Katy Trail’s KC extension very much in doubt
By KEN MIDKIFF
Published Friday, February 1, 2008
(http://archive.columbiatribune.com/2008/feb/20080201comm001.asp)

Ever since the Katy Trail has been in place from Clinton to St. Charles, Kansas Citians have been longing for the trail to be extended to their town so they could hop on their bikes. The deal recently reached between Missouri and AmerenUE - having mostly to do with the catastrophic failure of the Taum Sauk reservoir in Reynolds County - seems to make that dream a reality.

Maybe not. As usual, the devil is in the details, and the details in the proposed settlement agreement bode ill for any extension of the Katy Trail to the Kansas City area.

Consider:

1.The Rock Island Line - that AmerenUE does not own - was never "abandoned" and is therefore ineligible for the Rails to Trails designation.

2. AmerenUE ceded only the rights that it has to the state - with an exception, below. Those rights pertain to running a railroad, not a trail.

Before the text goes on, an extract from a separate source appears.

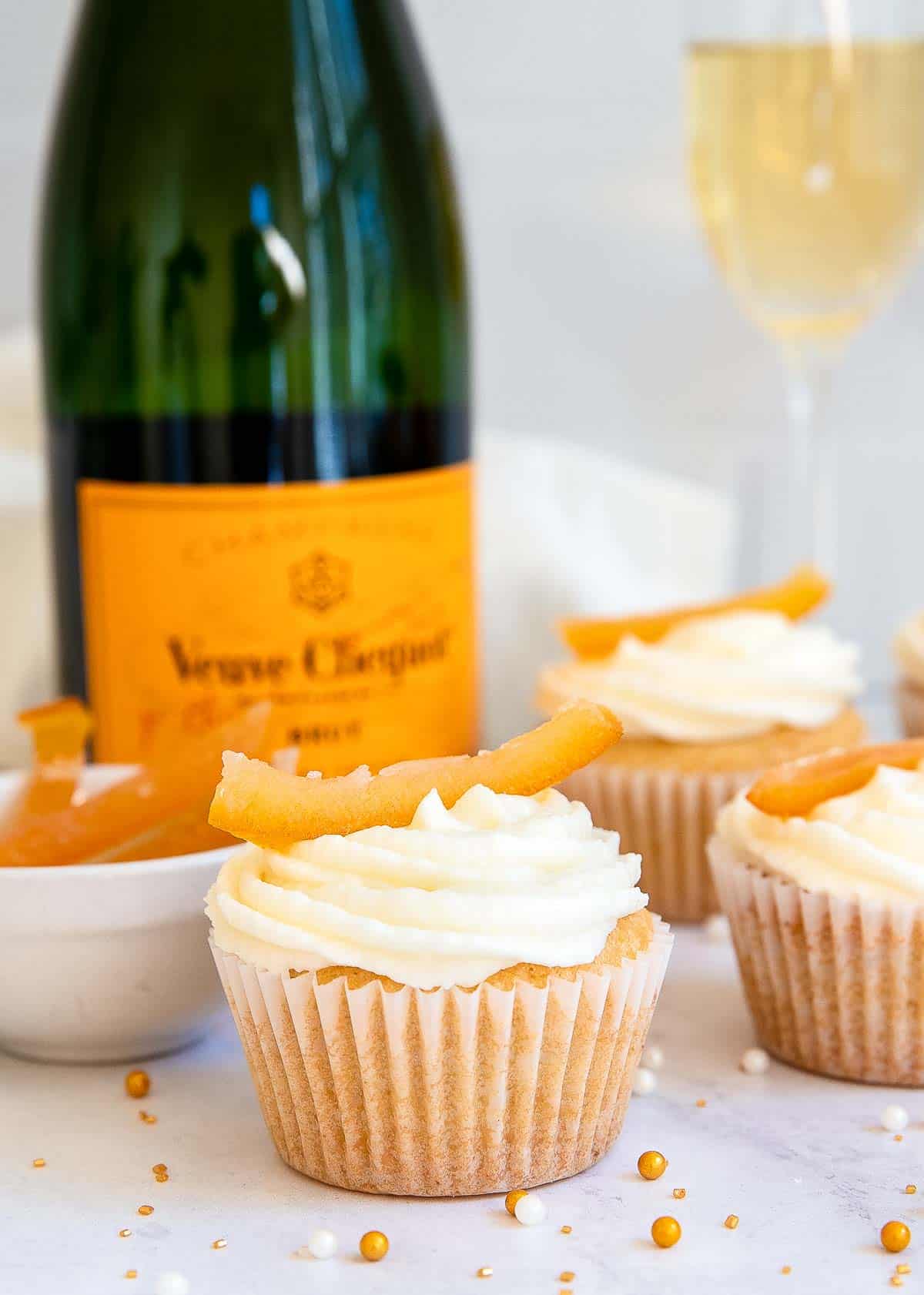 White cupcakes with champagne bottle in background.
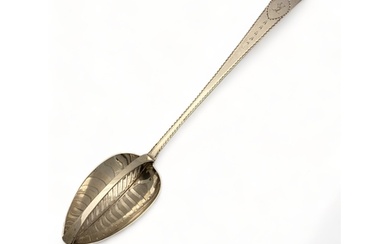 A fine George III Irish silver divided straining spoon, Jame...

3. AmerenUE could not cede the right to the railbed because Qwest has an easement for a fiber-optic cable under the railbed but not under the current tracks.

4. Because of No. 3, the state is limited to constructing a trail parallel to the railbed. AmerenUE could grant an easement to lands adjacent to the railbed. But this means an all-new trail, including a foundation and bridges.

5. The trail that the state constructs must be 25 feet from the center of the railbed. This is not a problem for most of the route. However, where there are rock cuts only wide enough to accommodate the railbed, the trail must go over the top of the cliffs. Not very bicycle- or pedestrian-friendly.

6. Because the Rails to Trails Act does not apply, the state must get the permission of hundreds of landowners to construct the trail. The landowners granted easements for a railroad, not a trail. Although the Department of Natural Resources/state parks is granted the statutory authority to exercise eminent domain, it is unwilling - rightly so - to use this legal option. If even one of the landowners refuses to grant an easement, the matter would end up in court for perhaps years.

7. The $18 million that AmerenUE would give to the state to develop the trail is not nearly enough. The Department of Transportation and the U.S. Army Corps of Engineers estimate $1 million per mile, and the extension is about 45 miles long.

As an avid bicyclist, I, too, would like to see the Katy Trail extended to KC, but this is not the way to accomplish it. There are so many obstacles that it won’t or can’t happen.

Prediction: The state parks folks will make much of constructing the Katy Trail on the small sections in current public ownership - rail crossings, for example. There will be photos in newspapers and videos on TV showing workers with shovels and picks, with backhoes poised in the background.

Unfortunately, it won’t mean much. To paraphrase Shakespeare, sound and fury, ultimately signifying nothing.